━━━━━ Input for this task

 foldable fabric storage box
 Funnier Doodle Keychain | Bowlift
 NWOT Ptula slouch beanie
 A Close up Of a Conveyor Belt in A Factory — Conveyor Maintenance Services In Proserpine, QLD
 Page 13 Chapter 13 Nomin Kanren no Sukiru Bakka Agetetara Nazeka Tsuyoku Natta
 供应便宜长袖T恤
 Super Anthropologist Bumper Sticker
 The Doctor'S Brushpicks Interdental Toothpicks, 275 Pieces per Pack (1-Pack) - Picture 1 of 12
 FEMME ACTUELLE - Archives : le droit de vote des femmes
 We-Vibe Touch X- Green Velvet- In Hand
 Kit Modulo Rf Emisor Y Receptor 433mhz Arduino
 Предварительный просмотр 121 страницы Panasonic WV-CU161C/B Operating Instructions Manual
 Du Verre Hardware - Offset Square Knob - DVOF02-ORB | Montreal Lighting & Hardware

━━━━━━━━━━

Prompt: Beginning with the line that has "The Doctor'S Brushpicks", set down every line of the entries above through the final one, unchanged.

Result for this task:
 The Doctor'S Brushpicks Interdental Toothpicks, 275 Pieces per Pack (1-Pack) - Picture 1 of 12
 FEMME ACTUELLE - Archives : le droit de vote des femmes
 We-Vibe Touch X- Green Velvet- In Hand
 Kit Modulo Rf Emisor Y Receptor 433mhz Arduino
 Предварительный просмотр 121 страницы Panasonic WV-CU161C/B Operating Instructions Manual
 Du Verre Hardware - Offset Square Knob - DVOF02-ORB | Montreal Lighting & Hardware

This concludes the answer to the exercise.